Contract Termination Upon Death
Plaintiff also sought to invalidate the arbitration clause by arguing that the nursing home contract, which included the arbitration clause, terminated by its own terms upon decedent’s death. Plaintiff asserted this had to be the case absent any “survival” language in the contract holding that the arbitration provision remained in effect and applied to claims that had accrued before decedent’s death in an action brought after death. The Appellate Court was not impressed with plaintiff’s argument. The Court found that Carter v. SSC Odin Operating Co., 2012 IL 113204, 976 N.E.2d 344, was instructive on this point because there, the Illinois Supreme Court explained that a Care Act claim that had accrued prior to a decedent’s death and was brought in a Survival action after death was subject to arbitration. While the facts in Carter did not suggest the arbitration agreement was part of another contract with a termination upon death clause like the one in this case, the Appellate Court did not find that controlling. Instead, the Court found it significant that, even with a termination upon death clause, the contract including the arbitration provision would still have been valid when the cause of action accrued, and further, that the language of the arbitration clause did not suggest it was inapplicable to claims that accrued before the decedent’s death but were brought after death. Thus, plaintiff here was bound to arbitrate the claims brought pursuant to the Survival Act.
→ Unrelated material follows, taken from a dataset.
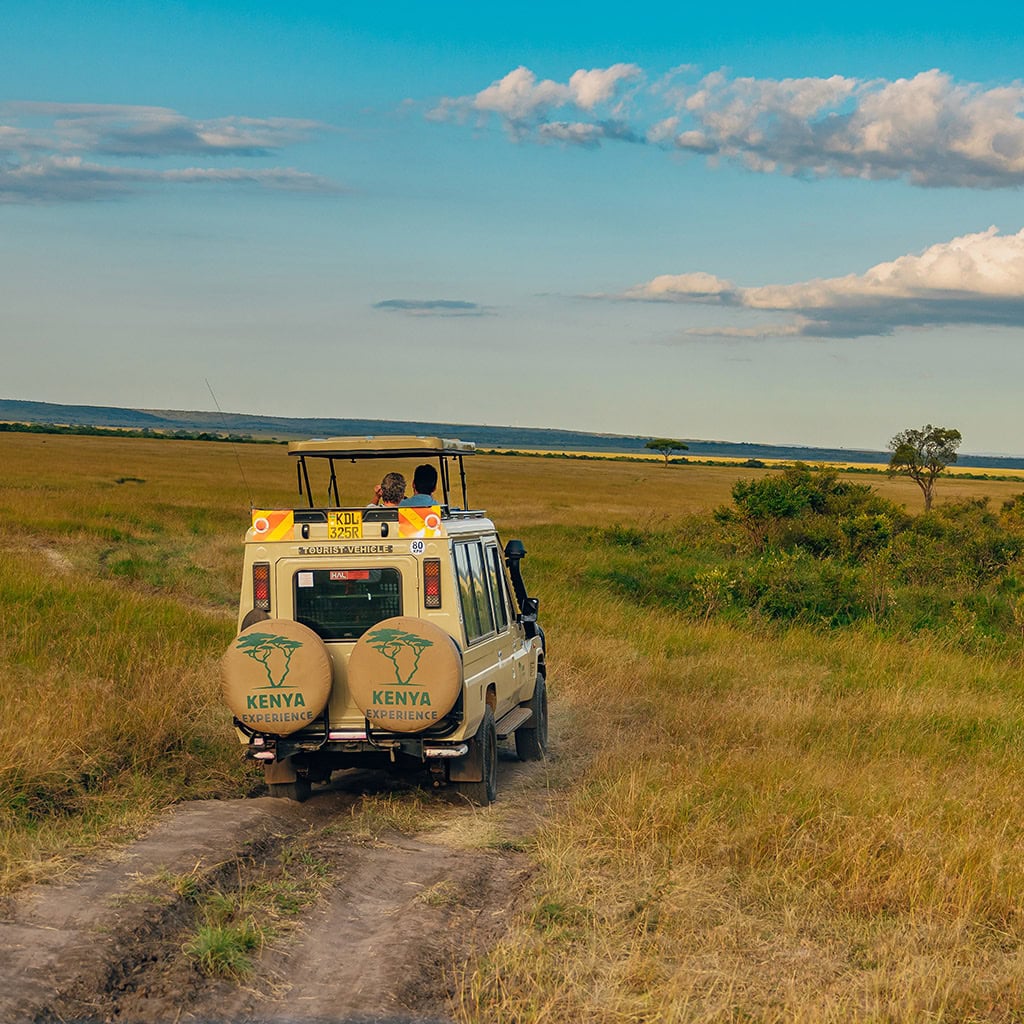 Fahrzeug Serengeti Masai Mara Ngorongoro Krater Safari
Learning Points: Clausen Miller partner Kathleen Klein and associate Vanessa Mannings won the order compelling arbitration in the trial court. I briefed and argued Mason to the Illinois Appellate Court. We are pleased to deliver this important decision to our friends in the insurance and defense industry.
These are my three “takeaways” on Mason’s precedential importance:
1. Mason directly holds that an arbitration provision in a nursing home contract containing a termination upon death clause requires arbitration of claims brought against the nursing home pursuant to the Survival Act. This answer had been suggested in Carter, 2012 IL 113204, 976 N.E.2d 344, but not directly answered. The Mason decision now provides that direct answer in favor of arbitration.
2. Mason contains an extensive discussion and analysis concerning alleged procedural and substantive unconscionability regarding an arbitration provision in a nursing home admittance/residency contract. The opinion explains and clarifies Illinois law defining acceptable content and procedure for achieving enforceable arbitration provisions, and thus will be useful to those drafting, executing, evaluating, and litigating arbitration provisions in Illinois.
3. Mason explains the law concerning the proper standard of review where a trial court makes factual findings in granting a motion to compel arbitration. Mason makes clear that where the trial court has considered supporting materials and made factual determinations in granting the motion to compel arbitration, a reviewing court should only review the decision to compel arbitration for an abuse of discretion.